There are surely limits to how far the separation can go. I expect you can't inherit from a proxy for a class, such that the base class is in a different protection domain than the subclass. But I think there are fewer ad hoc restrictions than there are in rexec.
I think this provides a pretty clean separation of concerns, even if the proxy object were a standard part of Python. The only code that should manipulate the proxy representation is its implementation. The only other step would be to convince yourself that Python does not inspect arbitrary parts of a concrete PyObject * in an unsafe way.
I'm obviously missing something - surely you can say pretty much exactly the same thing about a bound method, just replace "type object" with "PyMethodObject"? And in either case, you also need to restrict access to the underlying libraries and (presumably) some of the builtin functions? BTW, Guido pointed out to me that I'm causing confusion by saying "rexec" when I really mean "restricted execution". In short, it seems to me that proxies and capabilities via bound methods both do the same basic thing: i.e. prevent inspection of what is behind the capability/proxy. Proxies add access control to decide whether you get to use them or not, whereas in a capability system simple posession of the capability is sufficient (i.e. they are like a proxy where the security check always says "yes").
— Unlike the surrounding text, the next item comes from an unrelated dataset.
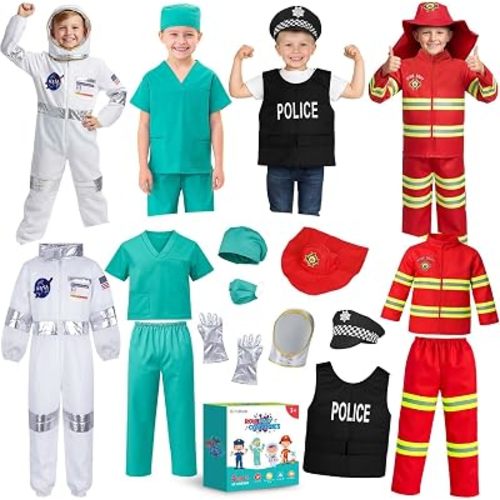4 in 1 Toddler Dress Up Clothes 3-8 Year Career Dress Up Doctor Astronaut Police Vest Fireman Costume Kids Pretend Play Toys Christmas Birthday Gifts 3 4 5 6 7 year old Boy Toys Halloween Costumes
You do access control using capabilities, instead of inside them. Am I not understanding proxies? Cheers, Ben. -- http://www.apache-ssl.org/ben.html http://www.thebunker.net/ "There is no limit to what a man can do or how far he can go if he doesn't mind who gets the credit." - Robert Woodruff
Ben Laurie wrote:
Jeremy Hylton wrote:
...
And in either case, you also need to restrict access to the underlying libraries and (presumably) some of the builtin functions?
You don't need restricted execution to make proxies work. In Zope, we choose to use restricted execution in cases where proxies don't work well. (For example, as I mentioned in another note, we can't currently proxy exceptions.)
BTW, Guido pointed out to me that I'm causing confusion by saying "rexec" when I really mean "restricted execution".
Right. I think that there is some confusion floating around wrt proxies (not your fault :) ...
In short, it seems to me that proxies and capabilities via bound methods both do the same basic thing: i.e. prevent inspection of what is behind the capability/proxy. Proxies add access control to decide whether you get to use them or not, whereas in a capability system simple posession of the capability is sufficient (i.e. they are like a proxy where the security check always says "yes"). You do access control using capabilities, instead of inside them.
Am I not understanding proxies?
You are understanding proxies as they are *applied* in Zope. This is understandable, since the information I sent you: http://cvs.zope.org/Zope3/src/zope/security/readme.txt?rev=HEAD&content-type=text/vnd.viewcvs-markup talks more about the higher-level application of proxies in Zope than about the basic proxy features. Really, Zope proxies are on about the same level as bound methods. They are a lower-level abstraction than capabilities. YOu could use them to implement capabilities or you could use them to implement a different approach, as we have done in Zope. As I mentioned in another Zope, I think proxies provide a better way to implement capabilities than bound methods because they provide access to objects with whole interfaces, rather than just individual functions or methods. Jim -- Jim Fulton mailto:jim@zope.com Python Powered! CTO (888) 344-4332 http://www.python.org Zope Corporation http://www.zope.com http://www.zope.org
[Jim]
You don't need restricted execution to make proxies work.
Um, I think that's a dangerous mistake, or a confusion in terminology. Without restricted execution, untrusted code would have access to sys.modules, and from there it would be able to access removeAllProxies. --Guido van Rossum (home page: http://www.python.org/~guido/)
Guido van Rossum wrote:
[Jim]
You don't need restricted execution to make proxies work.
Um, I think that's a dangerous mistake, or a confusion in terminology.
All I'm saying is that the proxy mechanism itself doesn't rely on restricted execution.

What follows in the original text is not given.